Моей приятельнице случайно прислали среди всяких стареньких носильных вещей маленький томик с золотым обрезом — Виньи «Стелло», по-французски. Вещь написана в 1823 г., а не перечитывала я ее уже больше двадцати лет. И сейчас перечла как бы заново, вспомнила маму, очень любившую эту книгу, рассказывающую о судьбах трех поэтов разных эпох — Жильбера, Четтертона и Шенье. Помнишь ли ты ее? Давно ли читал? Меня немного раздражал разнобой между темой и языком — язык какой-то чересчур «барокко» и весь в жестах, если можно так сказать. Но как страшно было быть настоящим поэтом в те далекие времена! И о своих современниках и о своих предшественниках Виньи, пожалуй, справедливо говорит, что «Le Po?te a une malediction sur sa vie et une b?n?diction sur son nom»,
но зато немало и дикого говорит с нашей сегодняшней точки зрения.

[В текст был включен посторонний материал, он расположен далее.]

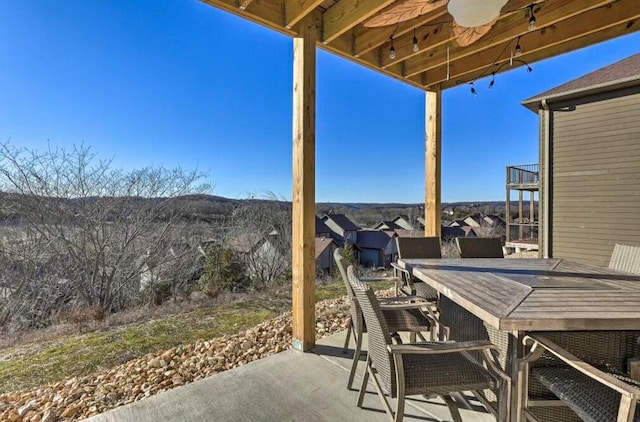 view of patio / terrace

Итак, очень буду ждать хотя бы открыточки. Ты пойми, уже треугольники гусей улетают на юг, и такая неумолимая зима впереди, а тут еще и писем нет.
Крепко тебя целую.
Твоя Аля.
Ты знаешь, сегодня день рожденья папы и мамы.
<ПАСТЕРНАКУ>; 30 сент. 1950
Дорогая моя Аля!
Я опять получил от тебя письмо, полное души и ума, про лес, про твою маму, про мои переводы. Я всегда кому-нибудь показываю твои письма, хвастаю ими, так они хороши.
Но зато я тебе пишу в последнее время пустые, бездушные, торопливые записки, лишенные содержания, просто, чтобы ты не думала, что я забыл тебя, и не беспокоилась.
Отчего, кроме недостатка времени, я стал в последнее время так тих и односложен, этого не объяснишь
…неумелое выражение моей сущности, отнюдь не мрачной, а ясной и радостной, наводит на них тень и заражает превратно постоянными настроениями, что людям, которым и без того трудно, вредно слушать меня.
Может быть, это приступ мнительности, но вот именно я стал сдерживаться, чтобы как-нибудь не огорчить тебя большими посланиями. Прости меня.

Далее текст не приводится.